He was spurred to run, he said, by the recent wave of violence, the Belle Isle debacle with the tug of war between City Council and state officials who want to make it a park, the consent agreement, and the city's budget deficit.

"What I have done in my career is build coalitions," he said, adding he would include the fractured City Council in his coalition to move the city forward.

Duggan, a former prosecutor, lived in suburban Livonia until he moved his official residence to Detroit's Palmer Woods neighborhood six months ago.

He said the quality of life people have come to expect in Detroit is unacceptable.

"The expectation that people have in really any of the suburban communities and the expectations people would have in Atlanta, Cleveland or Los Angeles are different than Detroit," Duggan said. "You go to any major city and no one is talking about how difficult it is to get the street lights on. The street lights work."

And the violence people have come to expect, even in broad daylight and in public places, is also out of hand, Duggan said. For instance, Detroit Councilman Kwame Kenyatta tried to force gas station owners to hire security officers earlier this year in the wake of a string of killings and attacks, including an 86-year-old military vet who was brutally beaten and carjacked at a gas station.
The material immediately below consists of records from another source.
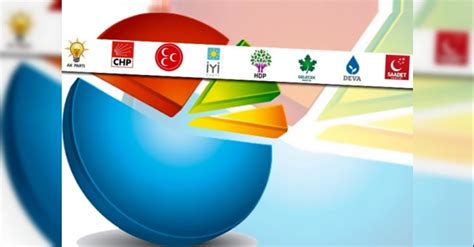 ORC Araştırma dan 2023 ün ilk seçim anketi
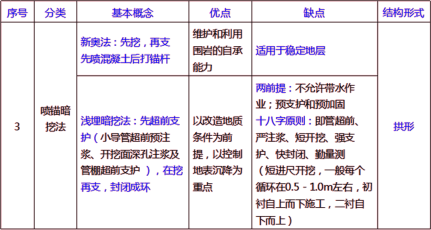 2019年二级建造师工程法规真题解析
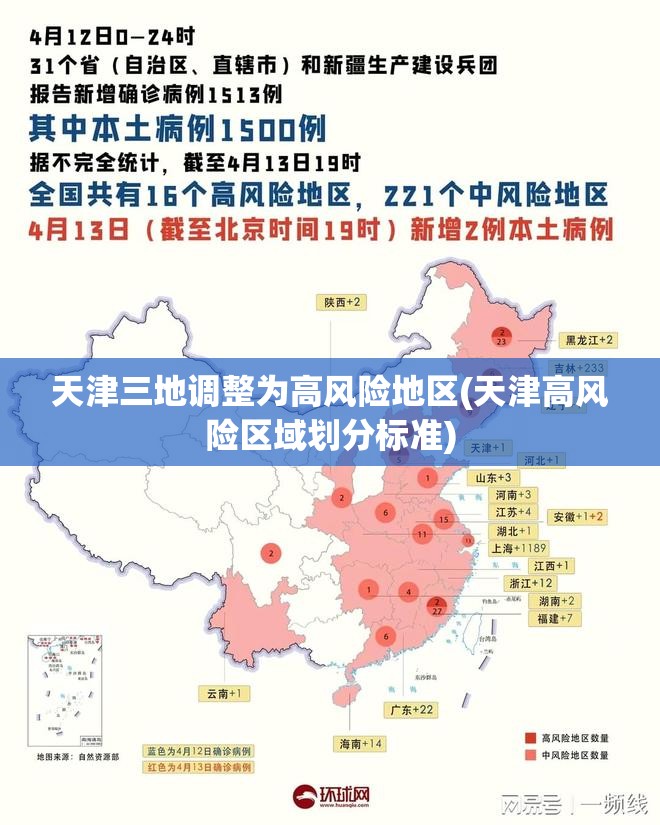 天津三地调整为高风险地区(天津高风险区域划分标准)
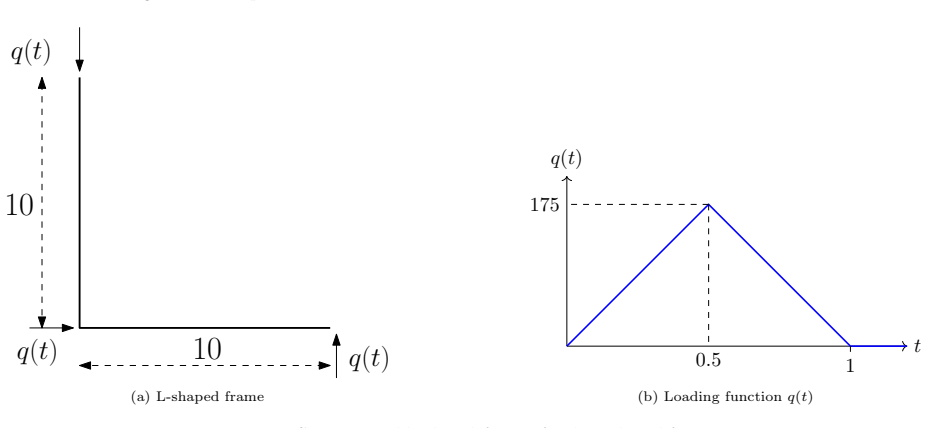 Figure 18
Bus drivers refused to work, saying they were taking their lives in their hands on the job, and a pizza delivery company stopped delivering in Detroit after dark.

"The kind of violence that we're seeing -- we're going to have 350 murders in Detroit (this year) -- If we had the same murder rate as New York City, we would have 40. What is going on here is not typical of any other large city in America and peoples' expectations are so beaten down, people think this is just the way things have to be. They don't have to be like this. The problems were created by human beings, and human beings can solve them."

So, could a white man lead Detroit? Even though the majority-black city hasn't elected a white mayor since the 1970s, Duggan thinks it's possible.

"I'm not running into that (race) issue at all," Duggan said. "People are not focused on white vs. black, they're angry at the Kilpatrick administration, the Bing administration, the governor, the county executive, there's a lot of anger out there ... They mostly want to know 'How is the quality of my life going to change with you as mayor?' ... The whole race issue melts away."